2. Belief that organizations should not aggregate product sustainability metrics to benchmark where we are for fear that they will be reported publicly if the numbers get out.

3. Group’s belief that product stewardship function is not going to change for the better.

4. Belief (business) that it’s ok to not acknowledge some product hazards

5. Belief that society will just have to accept a company’s products even though they have significant environmental footprints

6. Believing you can’t make much of a difference so why try

7. Believing your religion is the only one that got it right

8. Belief that you are meant for greater things and you were put on the earth for a reason

9. Belief that showing an interest in employees and their passions is a motivator for greater achievements

10. Belief that the chemical industry can eliminate hazardous materials and create sustainable product solutions

11. Belief by others that my sustainability projects are turning into something (wants to be a part of them)

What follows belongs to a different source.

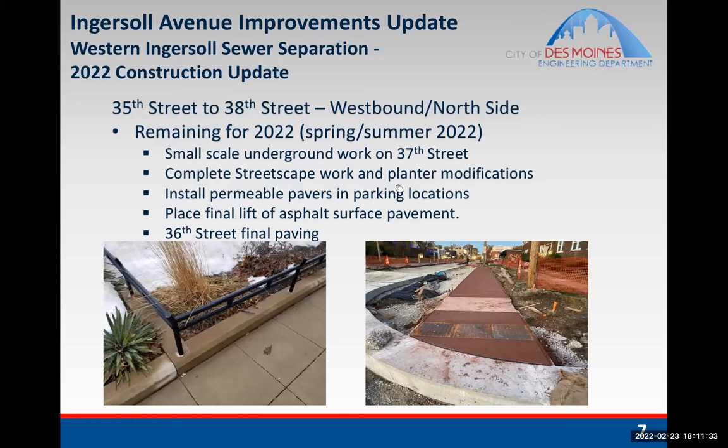There is still some streetscape work that needs to be completed. Just past 36th is where it is fully complete right now. There are some modifications to be done between there and 38th — some red-colored bike path that needs to go in, and permeable pavers to be installed similar to what was installed in the parking areas on the streetscape projects. Temporary pavement that was put in for winter will come out, granular material will be placed, and then pavers will go on top. There will also be one more final lift of asphalt to provide the final driving surface.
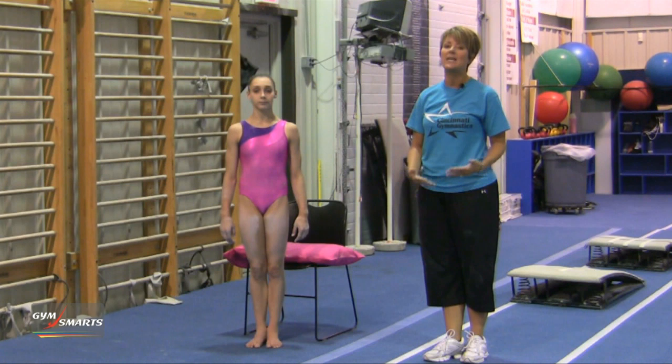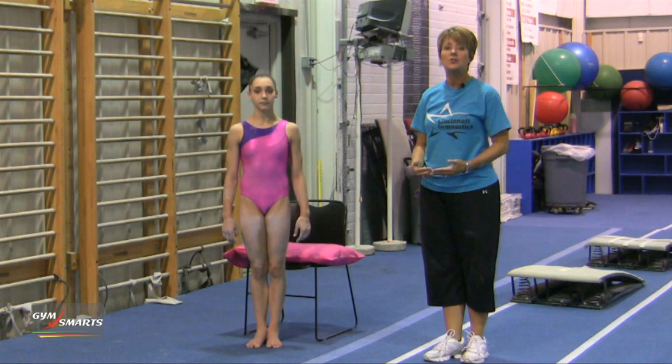Today we have a different type of gymnastics minute. This is for the athlete. Every athlete has some issues with flexibility, and as coaches we can't possibly have enough time in the gym to hit all of those areas.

12. The leader that thinks it’s ok to cut employees off when they are speaking

REFLECTION

Did you notice any trends?
A number of leadership and sustainability themes. Many of the beliefs were negative or limiting. Brings out the importance of mindset that if you frame in the negative, it becomes self defeating.

How did identifying beliefs feel?
Empowering, exciting like being able to see in the dark where others can’t.

Did you feel like you developed a skill?
Maybe experiencing a new practice. Don’t feel it is a skill yet.

How accurate do you think you were?
All were topics I observed from others through the week. Some were obvious because the person essentially repeated what their belief is. BUT thinking you know what the underlying belief is for a person if they don’t actually say it could be dangerous. It seems easy to make false assumptions.

Did you feel differently about people when you thought of their beliefs?
I suppose so. Need more experience. Helps me understand them better, where they are likely coming from and opens up an opportunity to ask questions to confirm their beliefs. This in turn presents the opportunity to tailer my speech to them for more effective communication and collaboration.

Does reading people’s beliefs make you feel differently about leadership?
It shines a stronger light on how to improve my leadership effectiveness by paying more attention to underlying beliefs that are driving behaviours, opportunity points to relate/connect with people and makes me feel less judgmental at face value about something they might say.

Where and how might you apply your experience in the remainder of your life?
By paying attention to my beliefs and those of others in conversations, whether they are same or different, I can be a much stronger connecter and inspiring leader. Adding the paraphrasing peoples beliefs back to them (something I’m very good at) or asking questions to confirm their beliefs will be much more of a door opener.